The troubled Scottish Child Abuse Inquiry has cost £1,800,000 since launching last year, latest figures reveal. The shocking statistic comes as the inquiry awaits the appointment of a new chair and panel member.

QC Susan O’Brien quit as chair earlier this month, days after fellow panel member Professor Michael Lamb, with both citing excessive government interference in the inquiry's work.

The inquiry released the updated figures, along with a statement insisting the inquiry was continuing its work to investigate the abuse of children in care settings, despite the loss of two of its three person panel.

It said: "Scottish Ministers are in the process of appointing a new Chair and panel member for the Inquiry. Meanwhile, the important work of the Inquiry continues as it seeks to fulfil the requirements outlined in its Terms of Reference."


Spending has risen by £687,044 to £1,800,861 since March, when the inquiry launched a call for evidence, the statement from the inquiry said. "since then, the Inquiry has been in contact with around 170 survivors of abuse. Private sessions with these survivors have started.

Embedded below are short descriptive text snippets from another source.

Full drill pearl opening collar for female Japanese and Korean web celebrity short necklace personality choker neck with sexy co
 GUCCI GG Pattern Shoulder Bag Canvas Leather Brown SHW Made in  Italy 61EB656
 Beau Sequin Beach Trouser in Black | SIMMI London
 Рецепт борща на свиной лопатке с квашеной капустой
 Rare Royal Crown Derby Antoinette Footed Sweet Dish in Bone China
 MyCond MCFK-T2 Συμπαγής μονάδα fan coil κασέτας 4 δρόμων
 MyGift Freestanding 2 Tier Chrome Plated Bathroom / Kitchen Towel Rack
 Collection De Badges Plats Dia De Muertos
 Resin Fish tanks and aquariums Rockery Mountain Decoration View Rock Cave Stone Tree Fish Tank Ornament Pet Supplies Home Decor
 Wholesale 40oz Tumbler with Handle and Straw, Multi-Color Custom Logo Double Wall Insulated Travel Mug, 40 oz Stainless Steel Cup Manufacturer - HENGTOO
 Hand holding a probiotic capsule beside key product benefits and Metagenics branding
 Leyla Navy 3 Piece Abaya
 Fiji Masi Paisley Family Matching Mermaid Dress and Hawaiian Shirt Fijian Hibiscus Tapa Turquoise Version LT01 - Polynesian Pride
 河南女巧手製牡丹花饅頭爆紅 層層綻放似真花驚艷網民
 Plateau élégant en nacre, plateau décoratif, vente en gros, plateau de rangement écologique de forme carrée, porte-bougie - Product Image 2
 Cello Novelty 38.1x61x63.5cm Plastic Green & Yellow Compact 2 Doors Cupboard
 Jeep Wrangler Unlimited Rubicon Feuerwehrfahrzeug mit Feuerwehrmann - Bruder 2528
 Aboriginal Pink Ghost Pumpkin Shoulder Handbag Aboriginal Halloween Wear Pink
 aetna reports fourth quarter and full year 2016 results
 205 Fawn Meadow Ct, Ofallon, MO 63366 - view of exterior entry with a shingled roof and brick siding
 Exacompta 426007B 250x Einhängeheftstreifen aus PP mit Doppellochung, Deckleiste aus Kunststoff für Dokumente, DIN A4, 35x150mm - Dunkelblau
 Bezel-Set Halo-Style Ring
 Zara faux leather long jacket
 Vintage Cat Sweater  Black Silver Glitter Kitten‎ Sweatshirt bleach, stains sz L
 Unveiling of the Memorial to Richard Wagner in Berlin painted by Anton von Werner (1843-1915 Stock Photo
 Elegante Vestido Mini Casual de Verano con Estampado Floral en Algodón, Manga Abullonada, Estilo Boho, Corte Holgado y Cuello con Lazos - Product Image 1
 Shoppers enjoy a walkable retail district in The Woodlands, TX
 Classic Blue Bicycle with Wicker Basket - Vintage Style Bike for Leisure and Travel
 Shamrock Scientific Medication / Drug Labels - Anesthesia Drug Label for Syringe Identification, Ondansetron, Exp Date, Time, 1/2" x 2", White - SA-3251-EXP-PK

"Two survivor groups - INCAS (In Care Abuse Survivors) and FBGA (Former Boys and Girls Abused of Quarriers Homes) - have applied for core participant status and for funding for legal representation. Their applications have been granted."

The statement said discussions have also been held with a range of organisations including Police Scotland, local authorities and health boards about the preservation and recovery of relevant records, and the Inquiry will start requesting documents in the coming months.

In her letter of resignation, Susan O'Brien attacked ministers and civil servants for excessive interference in the inquiry's work. However it was also revealed deputy first minister John Swinney had begun steps to have her removed, allegedly over comments she had made disparaging survivors. Mr Swinney said at the time he had a duty to ensure costs to the public purse were under control.